While following instructions on Fine-tuning with custom datasets — transformers 4.7.0 documentation using TensorFlow Keras, model fit produces below problem and fail to start training

from transformers import TFAutoModelForQuestionAnswering

model = TFAutoModelForQuestionAnswering.from_pretrained("bert-base-multilingual-cased")

...

model.fit(...)

TypeError: The two structures don't have the same sequence type. Input structure has type <class 'tuple'>, while shallow structure has type <class 'transformers.modeling_tf_outputs.TFQuestionAnsweringModelOutput'>.

I suspect that it is related to formatting output for Keras requirements as below:

# Keras will expect a tuple when dealing with labels
train_dataset = train_dataset.map(lambda x, y: (x, (y['start_positions'], y['end_positions'])))

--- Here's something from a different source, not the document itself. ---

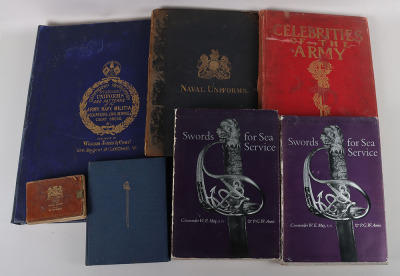 Books Sword Collecting & Naval Uniforms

since the error message is about output and it says tuples are not transformers.modeling_tf_outputs.TFQuestionAnsweringModelOutput.

Help?

My platform is Windows 10 and libraries are

print(tf.__version__)
print(torch.__version__)
print(transformers.__version__)

2.4.0
1.9.0+cu111
4.8.2

The error here was because they asked to use return_dict = False but in TF during model compilation, we have to set run_eagerly=True in order to actually make sense of the return_dict parameter.
According to documentation:

return_dict (bool, optional) – Whether or not to return a ModelOutput instead of a plain tuple. This argument can be used in eager mode, in graph mode the value will always be set to True.

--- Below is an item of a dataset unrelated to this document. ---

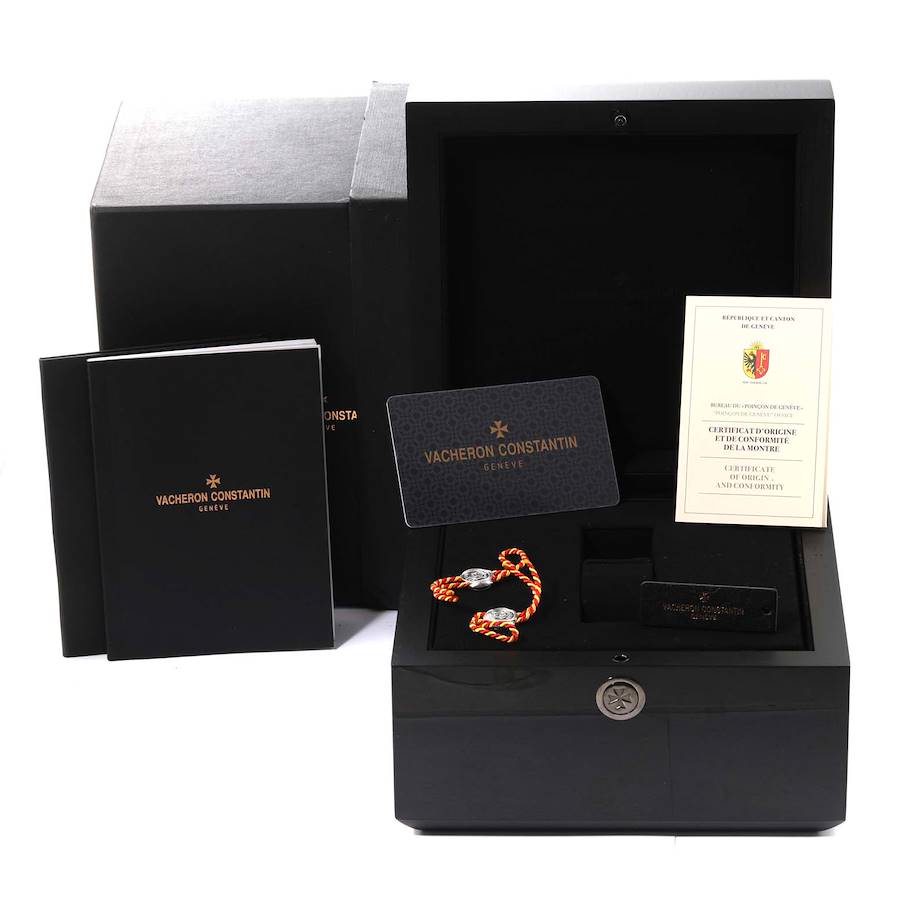 Vacheron Constantin FiftSix Complete Calendar Steel Mens Watch 4000E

Actually it was given in warning that it couldn’t set return_dict to False and hence I was able to figure out this issue.
I don’t know its equivalent for PyTorch but I hope this helps.

1 Like

Hi [lseongjoo],

I am facing the same issue. Have you resolved it?
thank you!

1 Like

Hi dev-sajal,

I tried this but this is not working.

Hi everyone, I finally found a solution.

  1. Do not use this line
# Keras will expect a tuple when dealing with labels
train_dataset = train_dataset.map(lambda x, y: (x, (y['start_positions'], y['end_positions'])))

in graph mode, the model returns the prediction as “TFQuestionAnsweringModelOutput” and this model is inherited from a dictionary! So we need to use the “y” value as a dictionary too.

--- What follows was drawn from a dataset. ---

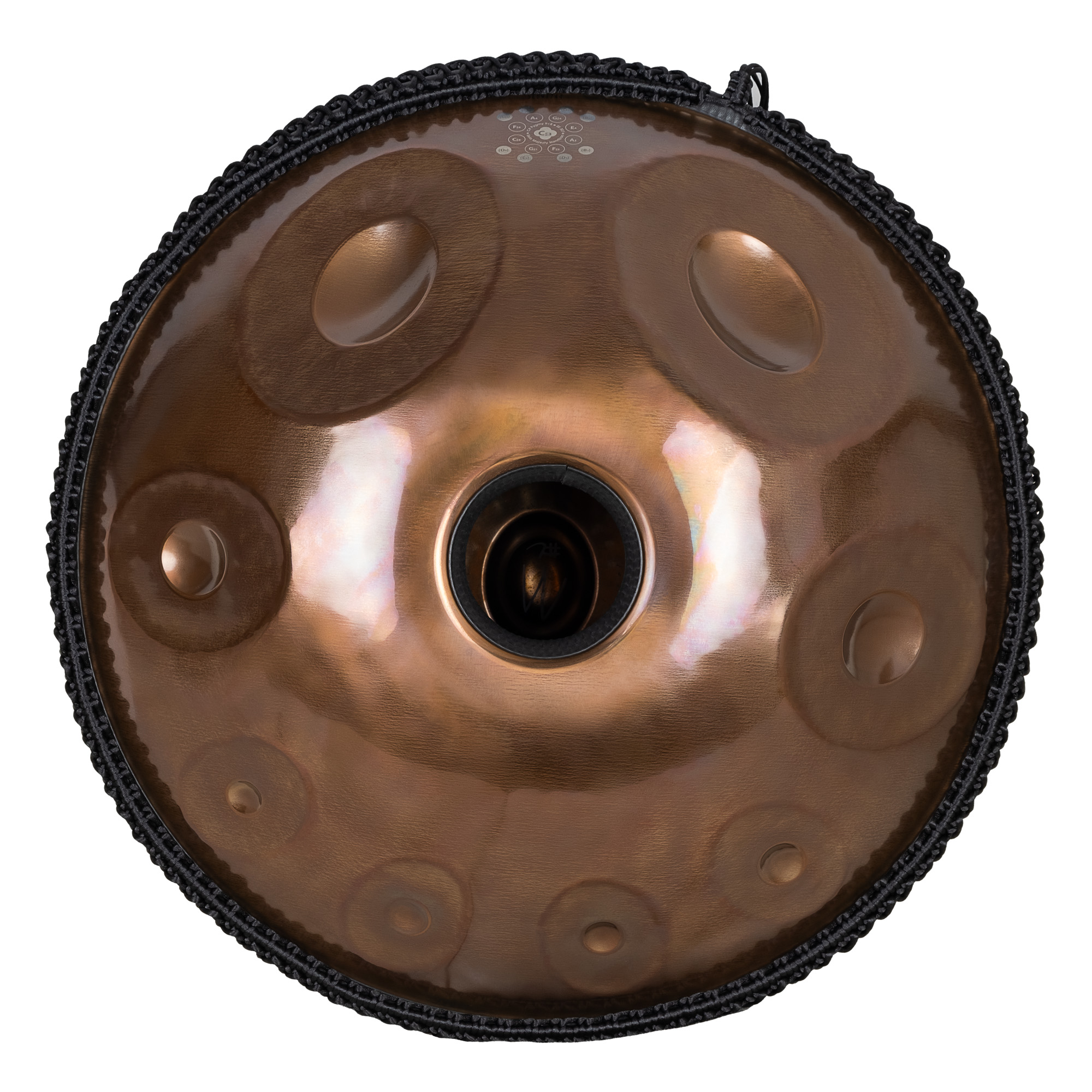 SELA SE 314 Majesty Handpan F2 Pygmy 17 (9+8) Stainless Steel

  1. Replace every “start_positions” with “start_logits” and every “end_positions” with “end_logits”.

The reason is when you calculate loss
TFQuestionAnsweringModelOutput has “start_logits” and "end_logits"

but

y_true has “start_positions” and “end_positions”.

After the loss calculation, tensorflow adds “start_logits” and “end_logits” keys to the y_true and throws an error about length of the y_pred and y_true is different. When you replace start_positions with start_logits etc. problem solved!

NOTE: When you apply step 2, your training code will not work on PyTorch training :smiley: You need to set the dictionary keys as “start_positions” and “end_positions”. :smiley:

1 Like